We followed the preferred reporting items for systematic reviews and meta-analyses (PRISMA) criteria (Moher et al., 2008; Moosapour et al., 2021). Our selection of papers included in the analysis followed two stages. For the first stage, we included four steps (Figure 1, flowchart). In the first step, we selected peer-reviewed papers published on the PubMed database, using the following keywords: deep learning AND diagnosis AND cancer (11,568 results). In the second step, the search was narrowed down to select clinical trials and randomized controlled trials to focus on deep learning application in the context of patient reported outcomes (116 results). In the third step, and to review the papers adequately, the search was restricted to papers with available free full-text (67 results). In the fourth search step, papers that were published in the last 3 years from 2021 to 2025 (53 results) were selected. In Stage 2, the suitability of the retrieved papers was assessed. In case the abstract did not present enough information that enables association with the work to the subject at hand, the full paper was reviewed to decide whether the article was appropriate for this study. Our exclusion criteria included: 1) papers that had been retracted (exclusion criteria 1), papers with content not matching the focus of the review (exclusion criteria 2), and papers that did not include model performance criteria (exclusion criteria 3). Ultimately, we ended up with 22 for the final analysis (Table 1). A list of the excluded papers with respective exclusion criteria is available in the Supplementary File 1.

Figure 1
Flowchart titled

Figure 1. PRISMA flowchart.

4 Discussion

The conducted search identified 67 clinical trials and randomized controlled trials type of studies with full free texts available in the Pubmed database. Papers that were excluded from the study analysis are a total of 32: 3 papers due to retraction, 16 due to the content not matching the focus of the analysis conducted in this study, and 13 papers that did not include model performance criteria.
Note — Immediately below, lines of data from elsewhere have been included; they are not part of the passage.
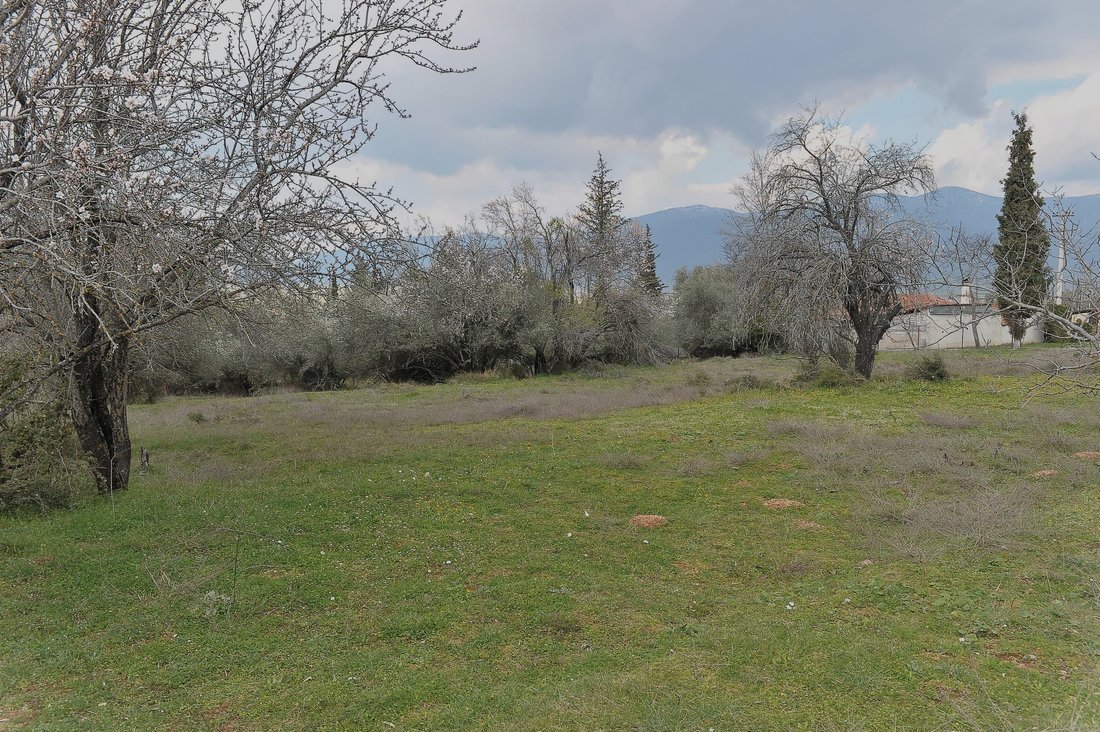 Terreno en Loutron Hraias, Iraia, Peloponnese, Western Greece and the Ionian 2 - 18774866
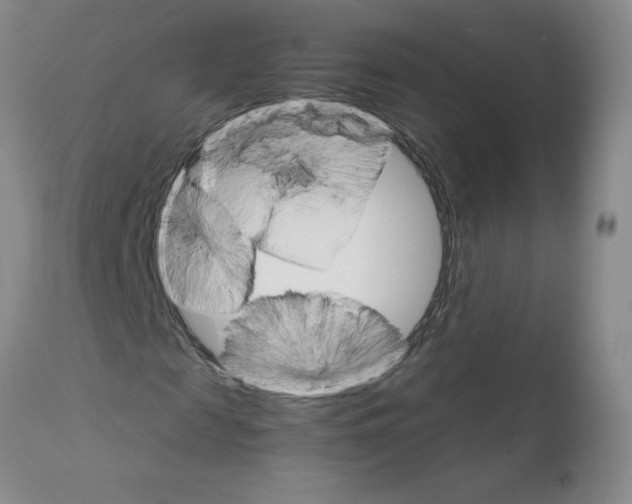 X0000111680817200908281133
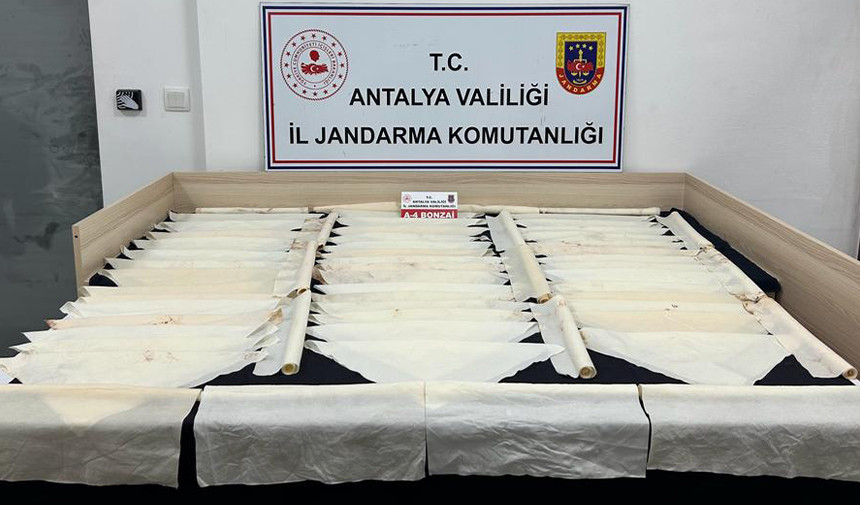jasat-antalya-zehir-taciri2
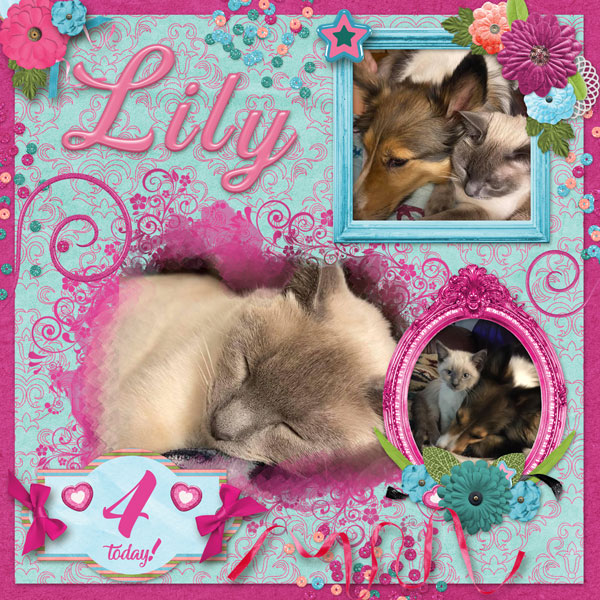 Happy Birthday Lily 2023!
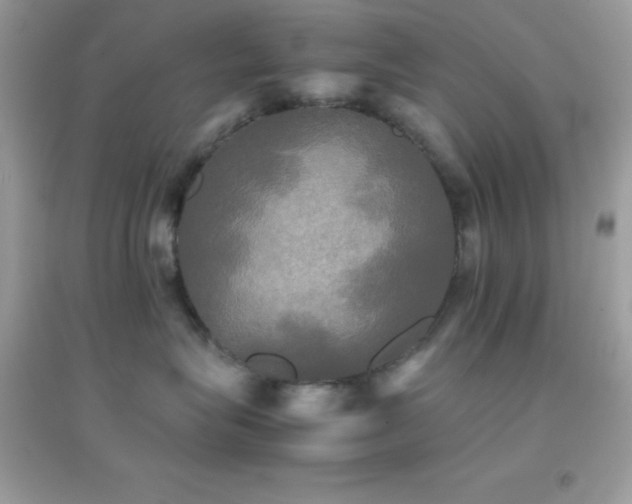 X0000095120575200712071243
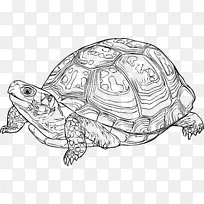 海龟 绘画 线条艺术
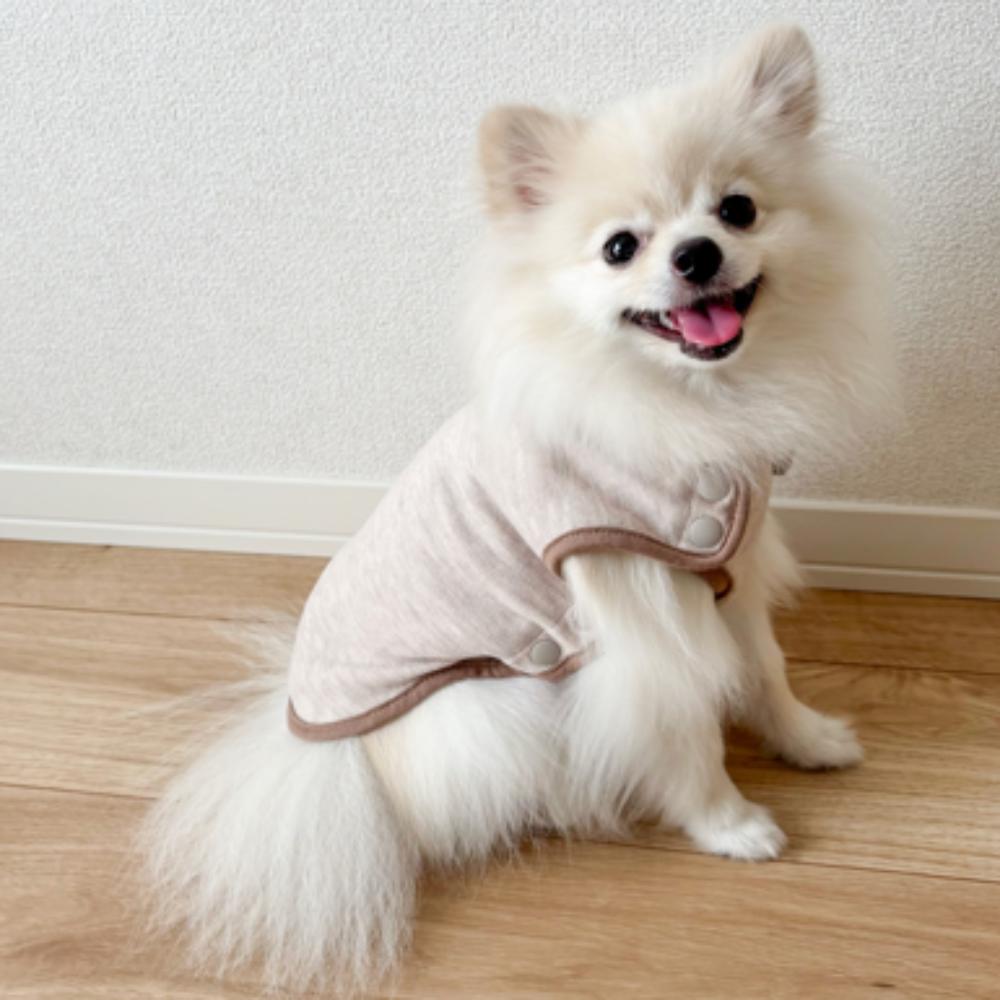 シニア犬の後ろ足が踏ん張れない…原因は？毎日できるケアと歩行サポート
The total number of papers that were filtered for further analysis is 22. Figure 1 shows a flowchart of the literature search. The analysis performed is divided into two stages. The first stage analyzes the type of deep learning (DL) models, sample data, and the performance metrics for each model used by type of cancer. The second stage studies the added values and limitations of the DL models used. To perform the first part of our analysis, 22 were filtered (Yin et al., 2022; Zheng et al., 2024; Ma et al., 2023; Yu et al., 2021; Meng et al., 2022; Zhan et al., 2024; Jayachandran Preetha et al., 2021; Fang et al., 2024; Wu et al., 2022; Liu et al., 2023; Chen et al., 2022; Pellicer-Valero et al., 2022; Zhang et al., 2024; Johnsson et al., 2022; Fremond et al., 2023; Wen-Zhi et al., 2022; Chen et al., 2023; Zhang et al., 2021; Kann et al., 2023; Zhang et al., 2022; He et al., 2016; Arabyarmohammadi et al., 2022). The basis of the filtration is to compile the studies that have the following variables available: Cancer Type, Sample Type, Number of Patients, Type of DL Model, Accuracy, Precision, Sensitivity, Specificity. The values of these variables were collected from the papers and tabulated in an Excel Sheet file (Supplementary File 2). Figure 2 presents the frequency of the Sample Type that was used for DL. It is shown that computed tomography (CT) scan images and magnetic resonance imaging (MRI) images are the most frequently used among the 22 papers with a total of 8 and 6 studies, respectively, using this type of sample data for the deployed DL models. Third to CT and MRI images is the ultrasound (US) images with a total of 3 studies. The least frequent type of samples, with only one paper using such types are: tabulated data including patient data, demographic information, and laboratory results, aspirate slide images, fluorescence endoscopy images, histology images, and hematoxylin and eosin (H&E) images. Table 1 shows the types of cancer disease that were studied in the filtered papers along with the size of the dataset (number of patients) included.

Figure 2
Line graph titled “Frequent Sample“ showing frequency data for different types of images and data: aspirate slides (1), CT (8), fluorescence endoscopy (1), H&E slides (1), histology (1), MRI (6), tabulated data (1), US images (3).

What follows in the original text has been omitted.